# Spo-tfidf-y

Vector embeddings are a really powerful method in data analytics and “machine learning”. If you can convert some non-quantitative data, like words, into vectors, you can use traditional data analytics methods to extract meaning from your input.

One of the most notable vector embeddings is Google’s word2vec. By mapping words 2 vectors, the smart folks at Google allowed us lowly non-Google employees to do really cool stuff with the English language! If you have some word $w_i$ and want to find a word with a similar meaning $w_s$, you can just look at your vectors and find the word with the closest distance to $w_i$ – this vector is your similar word, $w_s$! Who needs thesaurus.com when you have word2vec?

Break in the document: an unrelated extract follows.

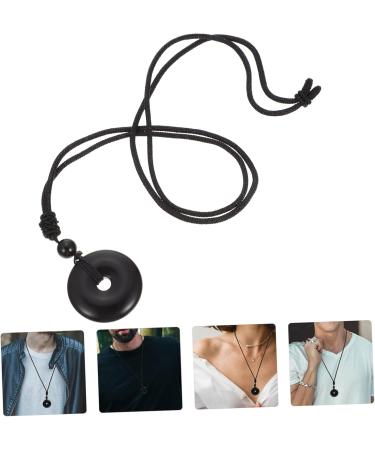 Shop Minkissy 4-Piece Obsidian & Amethyst Necklace Set | Safe Buckle & Festival Accessory - International Shipping - Buy Online on GoSupps.com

Another neat feature is the “analogy” solving feature. A common analogy (I have no idea if that’s actually the correct term for this) is “man is to woman as king is to ___”. If you didn’t get an A in English, you can use word2vec to figure this out for you! The answer $w_{answer}$ is calculated by computing $w_{king} - w_{man} + w_{woman}$. The closest vector to this combination of word vectors turns out to be the vector for queen!

## What’s with the Title

Ok it was a pretty bad joke. A common “classical” vector embedding method is called tf-idf, which stands for “term frequency - inverse document frequency”. I’ll be analyzing Spotify data in this blog post, so I thought the pun would be cute. Let’s talk through what tf-idf is before we get to the music part.

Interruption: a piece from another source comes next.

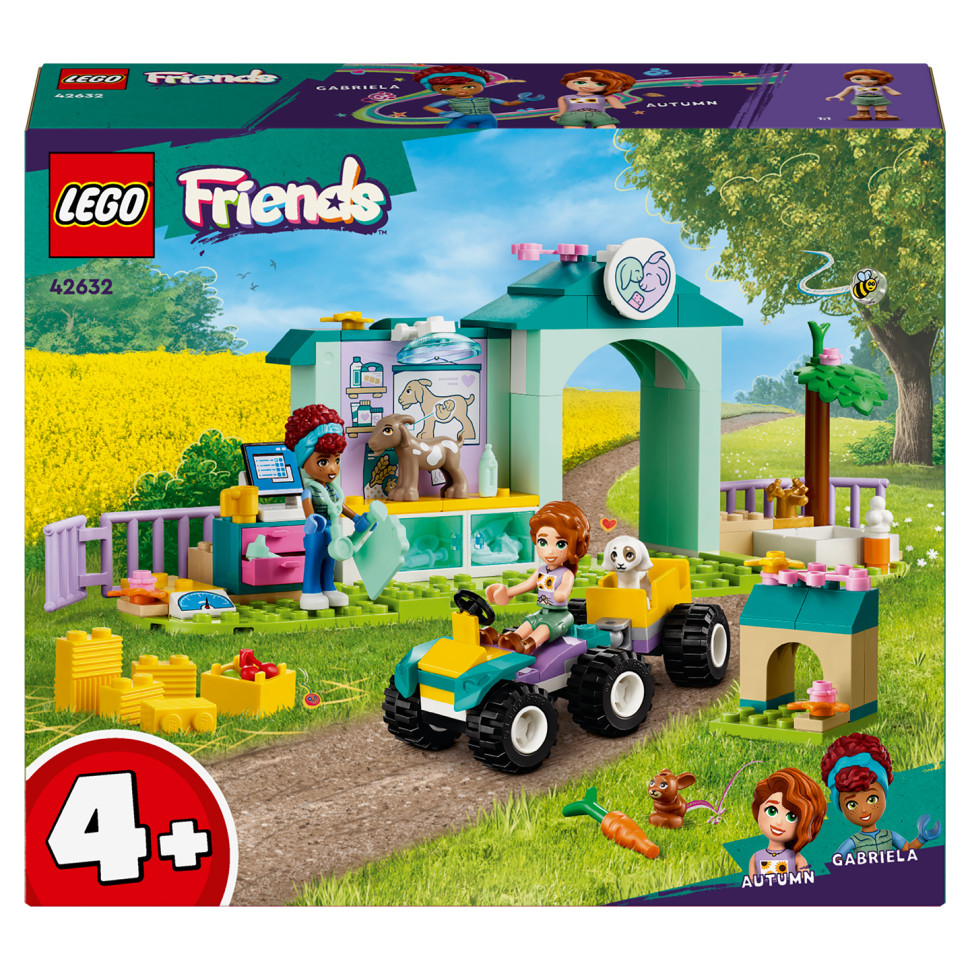 Конструктор Ветеринарная клиника для сельскохозяйственных животных LEGO Friends 42632, 161 деталь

With tf-idf, we have some set of documents with words in them, and make the assumption that words in the same document are similar, or at least somewhat related to one another. There are two parts to tf-idf: tf, which stands for term frequency, and idf, which stands for inverse document frequency. The first one is the easiest. In a document $D_i$, for a given word $w_j$, the term frequency of $w_j$ with respect to $D_i$ is the number of occurrences of $w_j$ in $D_i$, divided by the total number of words in $D_i$. Note: tf is computed for a word and a document. The same word may have a different tf score for different documents.

If our document is “I really like Matt’s blog, it’s really cool”, the tf of “really” is $2 / 8$, because “really” occurs twice, and there are eight total words!

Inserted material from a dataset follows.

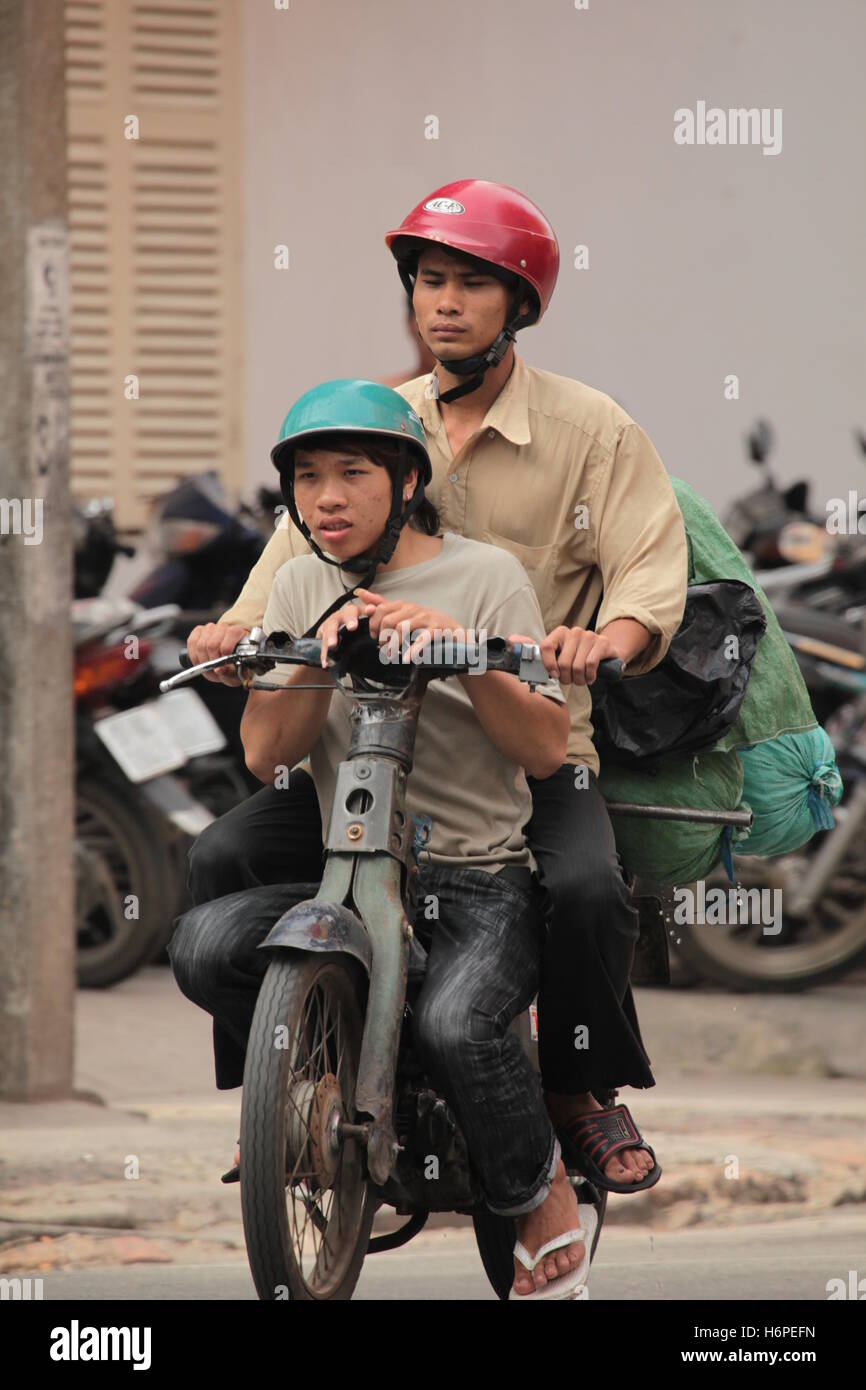 in den Straßen von vietnam Stockfoto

With idf, you want to lower the score of common words. Every document probably has words like “a” and “the” in it, so their term frequency is probably going to be super high compared to words that might be more representative of the document but occur less frequently. If we have $N$ documents and the word $w_j$ appears in $N_{w_j}$ documents, the formula for idf is $log(N / N_{w_j})$. As we can see, if the word appears in a lot of the documents, the denominator will be larger, resulting in a smaller fraction; we take the log of this number, and voila! Note, unlike tf, the idf for a given word is the same across all documents.

If our first document, $D_1$ is “I want a hat” and our second document $D_2$ is “Matt would like a snowboard”, the idf of “a” is $log(2 / 2)$, while the idf of “Matt” is $log(2 / 1)$.

Now, like the name implies, we compute $tf * idf$ to get our tf-idf score for the current word!

If we look at the previous example, where $D_1$ is “I want a hat” and $D_2$ is “Matt would like a snowboard”, we can easily compute the tf-idf of “want”. In the first document, its tf is $1/4$, while in the second, its tf is $0$. The idf of “want” in the context of all of our documents is $log(2 / 1)$. Since the tf-idf score is different for each document, we can represent the tf-idf of the word “want” as a vector [$tf-idf$(“want”, $D_1$), $tf-idf$(“want”, $D_2$)] = [$log(2) / 4$, $0$]. Nice! We just found a vector encoding of “want”!

## Spo-tfidf-y, Revisited

Ok, now that we’re tf-idf experts, we can apply this technique to Spotify songs! Let’s define “words” to be songs, and “documents” to be playlists. We make the assumption here that songs in the same playlist are similar.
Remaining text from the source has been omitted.